Where single payer works – part 1

I’m reading Uwe Reinhardt’s last book, Priced Out. Reinhardt, a universally respected and admired economist with a strong focus on healthcare, died in late 2017. He left a legacy of curiosity and compassion – and practical results.

Reinhardt was instrumental in convincing the government of Taiwan to implement a simple and very effective single payer healthcare system.

Besides an 80% patient approval rating, Taiwan’s system:

  • allows people to see any provider they wish
  • is funded by a payroll tax, with some contributions from other government funds as well as patient copays (which are quite inexpensive)
  • has the lowest administrative expense in the world – 2% of total cost
  • every member has a smart card with their medical records and other key data encrypted. This enables any provider to quickly access key information.
  • costs about a third of the US system.

It is by no means perfect; global budgets and a perceived lack of doctors and nurses are frequently noted as problems.

Yet it has addressed many of the problems we have with our system – medical record transferability, patient costs, paperwork, overall expense, and administrative expense.

What does this mean for you?

The more you know, the better it is.

 

 


5 thoughts on “Where single payer works – part 1”

  1. Uwe Reinhardt’s wife, Tsung-Mei Cheng, a formidable medical economist and researcher in her own right, wrote an excellent summary of her late husband’s work in Taiwan for Health Affairs in February, 2019. It can be found here: https://www.healthaffairs.org/do/10.1377/hblog20190206.305164/full/.

    Joe points out that Reinhardt was “practical.” To get an idea of just how practical (and smart) he was, see his article, The Perennial Quest To Lower Health Care Spending, written for the New York Times in 2010. Reading it almost calls to mind Swift’s A Modest Proposal. The article can be found here: https://economix.blogs.nytimes.com/2010/09/24/the-perennial-quest-to-lower-health-care-spending/

    Final Point: Reinhardt and his colleagues believed the only way national health expenditures are controlled is when government sets prices. Good luck with that one.

    The Perennial Quest to Lower Health Care Spending

  2. The difference between the US and other countries is that we are orthodox Capitalists, and they aren’t. We despise government intervention into the economy, and they don’t. They read Adam Smith’s The Theory of Moral Sentiments, we stopped at The Wealth of Nations. Their politicians aren’t in the pockets of the medical-industrial complex, ours are bought and paid for by the insurers, pharmaceutical companies, hospital systems, physicians, medical device manufacturers, and consultants and riders of the gravy train that health care is in this country (You know who you are).

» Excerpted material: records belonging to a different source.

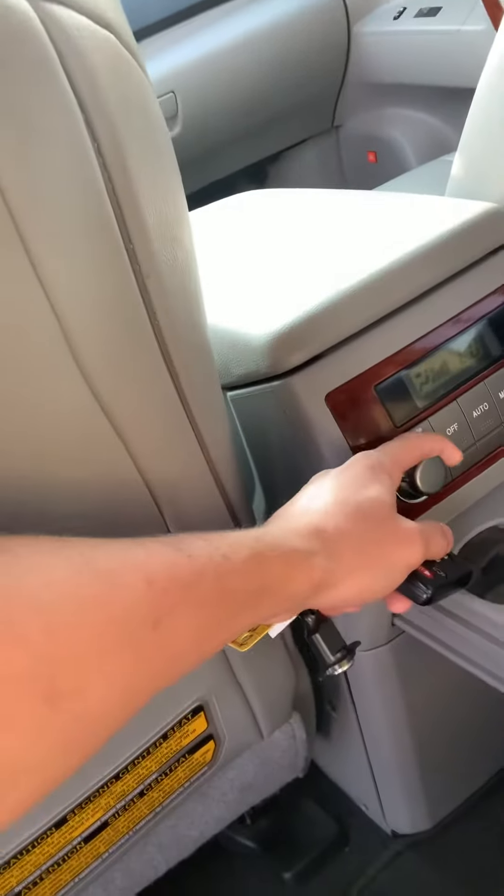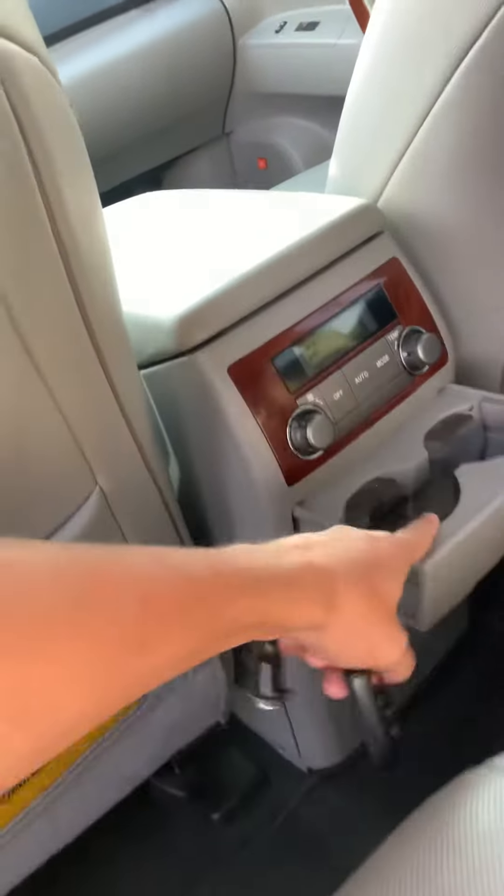You get the automatic window right there. You have three seats in the back. They can adjust their climate if they need to. Cup holders. And then you have your two additional seats in the back.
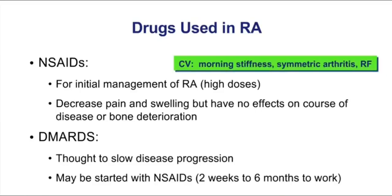My clinical vignette reminds us we first have to recognize the patient. A patient with rheumatoid arthritis experiences morning stiffness, asymmetric arthritis, and is positive for rheumatoid factor.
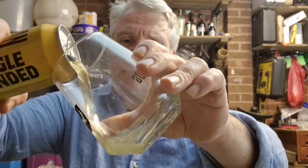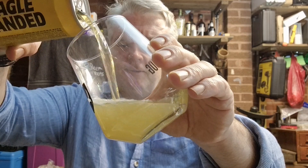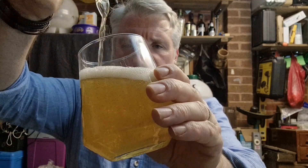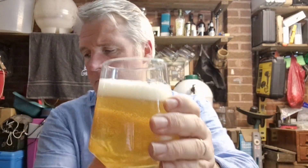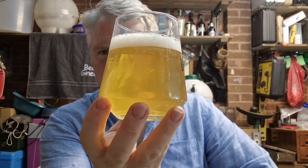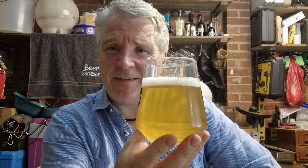Right, so let's see what this looks like. It's a 4.3%. Is that condensation or is it actually slightly cloudy? There's a slight cloud to it, a slight bit of haziness. It's like a pale, pale yellow colour. A little bit of a head on it. You can see pretty good carbonation in there.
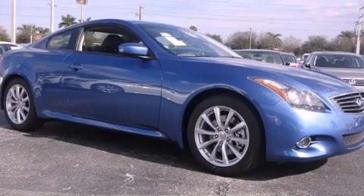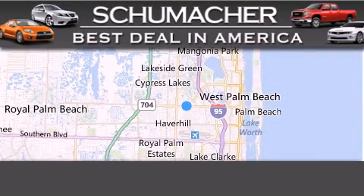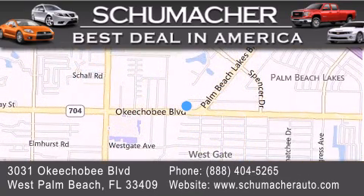Please call today to reserve this vehicle for a test drive. Thank you for considering Schumacher Auto Group for your next luxury vehicle. If you have any questions, please visit our website, give us a call, or stop by our dealership located at 3031 Okeechobee Boulevard in West Palm Beach.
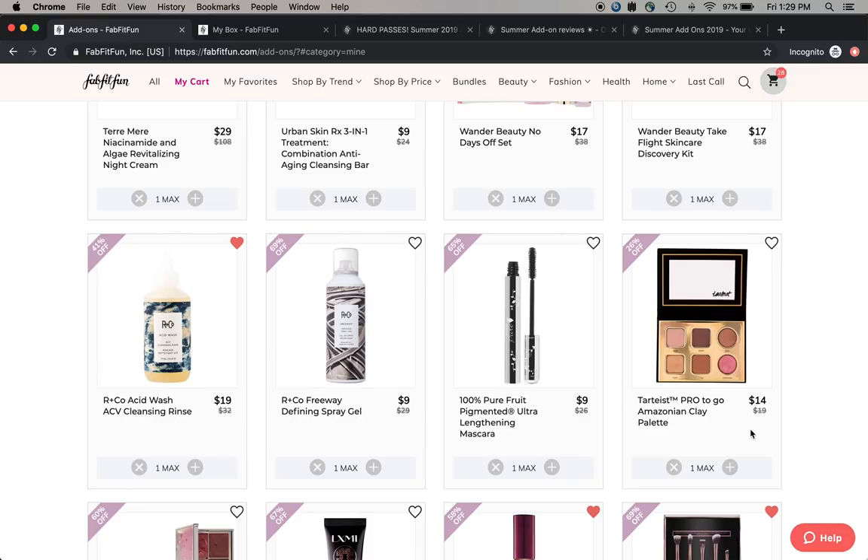If you want to see more details, I did an over-an-hour-long video yesterday, so go check that out. I hope you enjoyed this - those are my customizations and my updated cart. If you haven't subscribed, consider subscribing, and I hope you have a wonderful day!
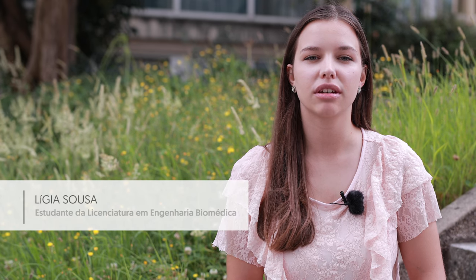The course of Engenharia Biomédica, in this moment, is an ascension, because it combines perfectly the areas of Engenharia Clássica with the Science of Health, which is great for us, because we leave three years of degree with a large range of choices in what is our professional career.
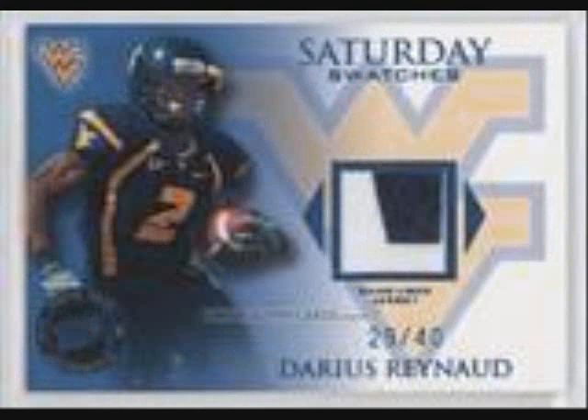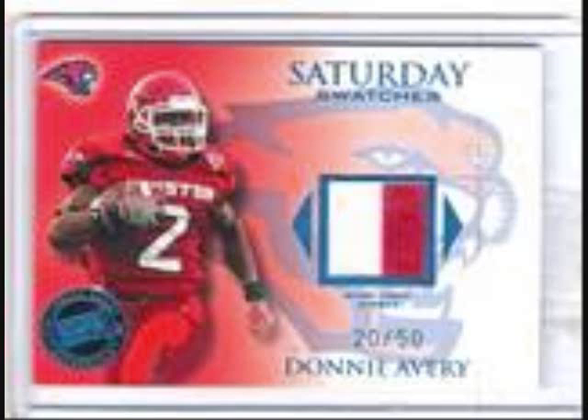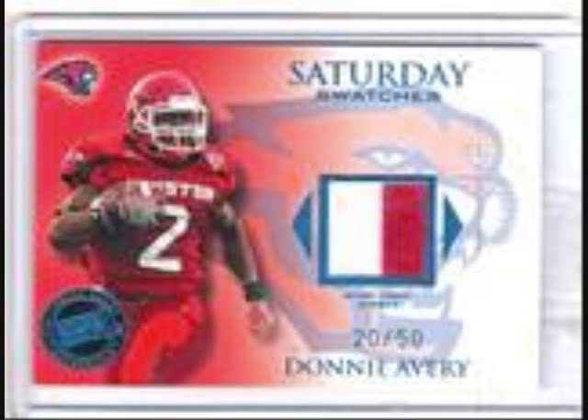I also need help on the Saturday Swatches set I'm working on. I got the Slayton 2-color out of 50. I have the Raynaud out of 40, 2-color. And then Avery out of 50, 2-color. Working on the set — there's 36 different cards. If you have any, let me know.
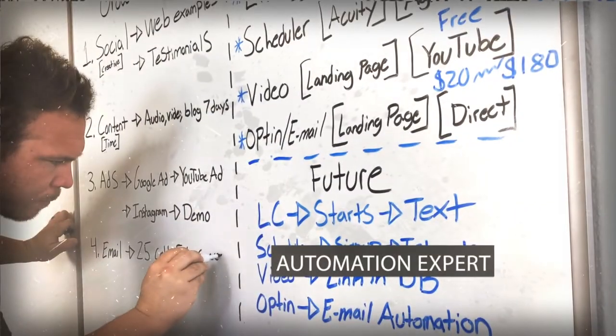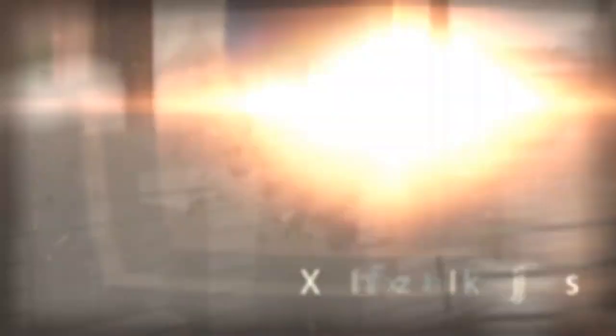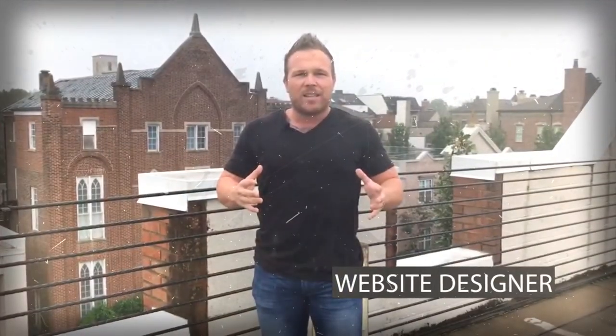Are you sick of all the information being thrown at you by all the hype and gurus online? My name is Brad Smith with automationlinks.com. Six days a week, I answer user questions with the exact tips, strategies, and insights we use to grow our business. We'll see you next time.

  3. Here is a very interesting sentence from Wikipedia……

    “The insurer is billed the medical bill, and it is automatically paid. ”

    The doctors appear to be fee for service. I believe that the French, German, Spanish, and Dutch systems operate about the same way for office visits at least, maybe for outpatient care and hospitals too.
    And right in this sentence, you see the enormous challenge that would face a single payer system in America. We have a extremely (almost ludicrously) detailed fee schedule, and doctors would merrily bill for the highest applicable code all day long. The fee schedules in these other nations are a lot flatter, and the medical providers are generally not entrepreneurs.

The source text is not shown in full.